I've taught myself how to do it over the years - part of the solution is to recognise when you're in a mood to throw out emotional baggage, and the stored crap associated with it. Anything I haven't used in the past two years is unlikely to be used again, so it goes either for recycling or to charity. There are exceptions, of course - my reindeer skin, pocket TV, tennis shoes and velvet coat. I *hate* small bits of paper and get rid of them ASAP.
I was once sorely tempted to put everything I owned in a large pile and cover it in paraffin and set fire to it, and then sod off to Tibet and join a monastery. Still, in my more lucid moments, this strikes me as an eternally good idea.
I've moved accomdation quite a few times in the past year this made me quickly realise that junk should be thrown away. I now can fit all my possessions in the back of my car. But as I'm looking into buying a house in the near future no doubt that my stuff will expand to fill as much space as I buy!
[Lib] You'd be amazed. I've owned a house for two years and have gone from being a man with a bed and a stereo to being a man with a bigger stereo, widescreen TV, surround sound, kitchen tables, bookcases, tools, and no less than 3 sofas. My stuff has expanded to fill my house and I could probably fill my neighbour's house with what's in the loft. How it happened I do not know. My advice to you is that, once you have a home of your own and space in which to store things, that things suddenly gravitate towards you. Learn to sidestep them....
Avoid storage. If you buy things like cupboards, boxes, drawers, shelves to store all that junk then you just give yourself more space to fill with more junk which requires more storage and so on until you reach the point where to have more storage, you need a bigger house. You move to a bigger house which involves packing, so you throw away about 50% of your junk and end up in a house with loads of space. Ideal for filling with junk.

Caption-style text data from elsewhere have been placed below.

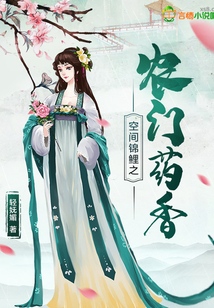 空间锦鲤之农门药香 第2章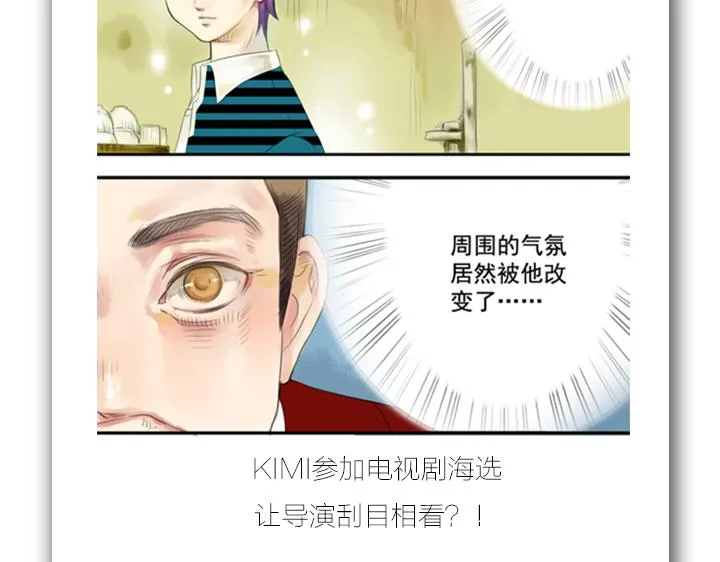 第8话 晨雨扑倒裕朗？！ 第79页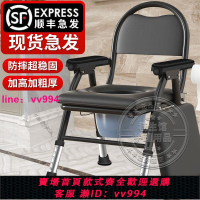 老年人坐便坐便椅可移動廁所老人孕婦專用馬桶加固室內室外座便椅
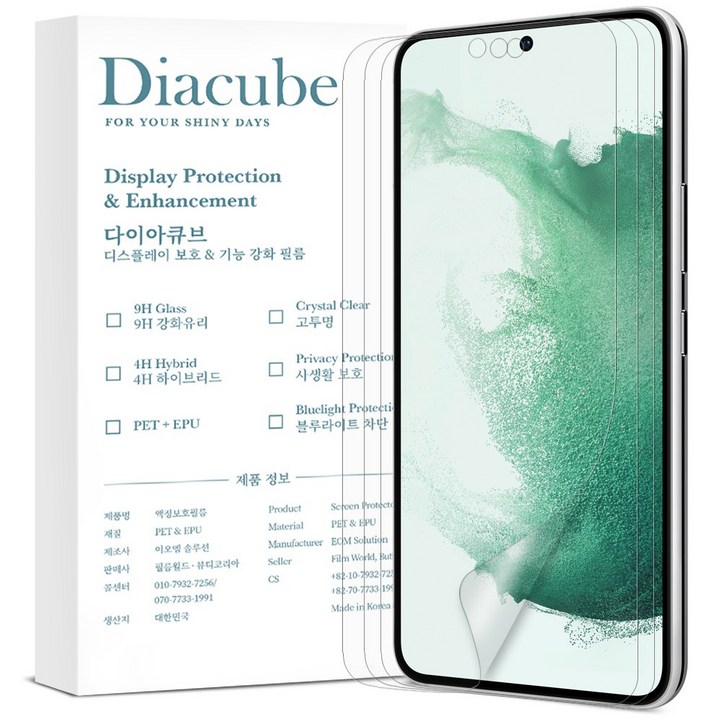 다이아큐브 간편부착 무광 지문방지 PET EPU 방탄강화 액정보호필름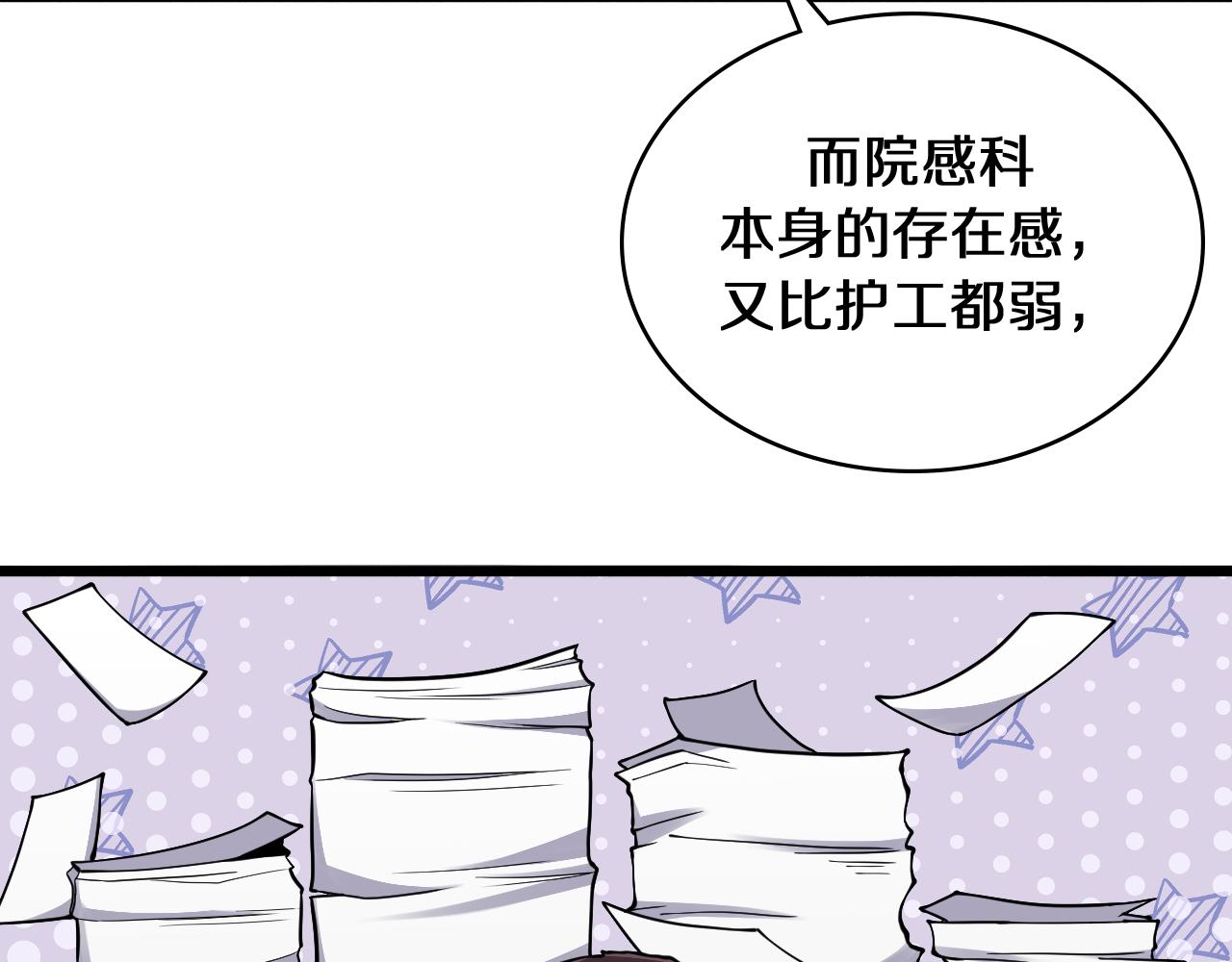 第134话 先遣队49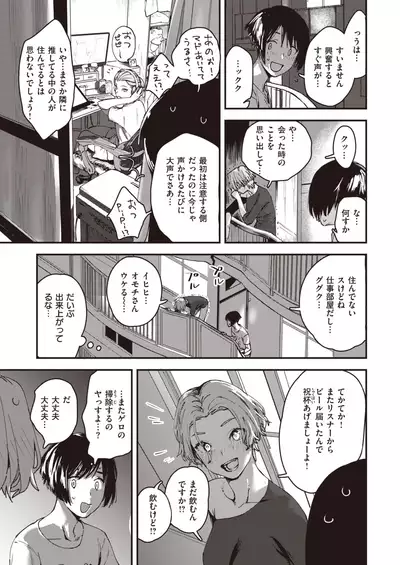 COMIC Shitsurakuten 2021-11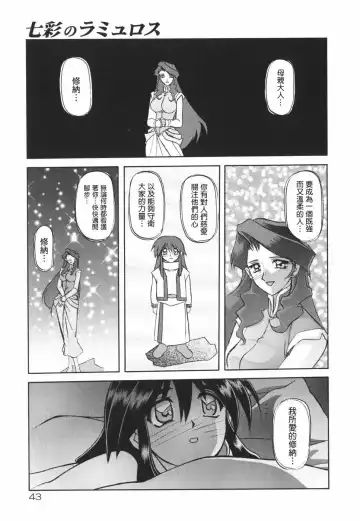 [Sanbun Kyoden] 七彩のラミュロス 1-4話 Fhentai.net - Page 36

Virtually everything I own is 2nd hand and at the end of its usefulness just goes back to the charity shop. All, that is except my own compulsive obsessive collection of CDs. They stay.
I have heard that men suffer far more from OCD than women (examples include trainspotters, twichers and - ahem - sexual fanatics) and that this is linked to autism - thus linking maleness with communication problems. Anyone else heard of this?
[Bob] I think men do indeed suffer more from OCD then women, but I'm not necessarly sure that I'd call trainspotters obsessive. Like all things in life its not black and white. I think one of the main criteria for a diagnosis of OCD to be made is the fact that it inteferes with normal life and the intense feelings that come from not doing the compulsion. Linking maleness with communication problems is quite a vast step, can I turn the tables and suggest that women communicate too much?
[Bob] I fear for your chickens when they reach the end of their egg productivity ;-). OCD - I always thought it affected males and females equally and this might support that [unless they do things differently over there]. [Lib] Have just spotted your post as I was simul-ing - I agree - the link between the two is a HUGE step.
chalky] Nah - chickens are safe. Anyway, they are a variety that remain productive until they are 7 years old! Lib] sorry - yes, trainspotting is not really OCD but I felt it may be linked to the kind of one-dimensional thought processes that males sometimes exhibit. I know loads of blokes who obsess about everything from computers to sport - girls seem to share this 'single mindedness' only when it concerns self preservation and children. Am I being extremely unfair to my own gender? Regarding communication - I find it incredibly difficult to talk to other men unless I share a passion with them, or are they are effeminate. In social situations, I enjoy hearing women and effeminate men talk because you are so much better at discussing emotional subjects.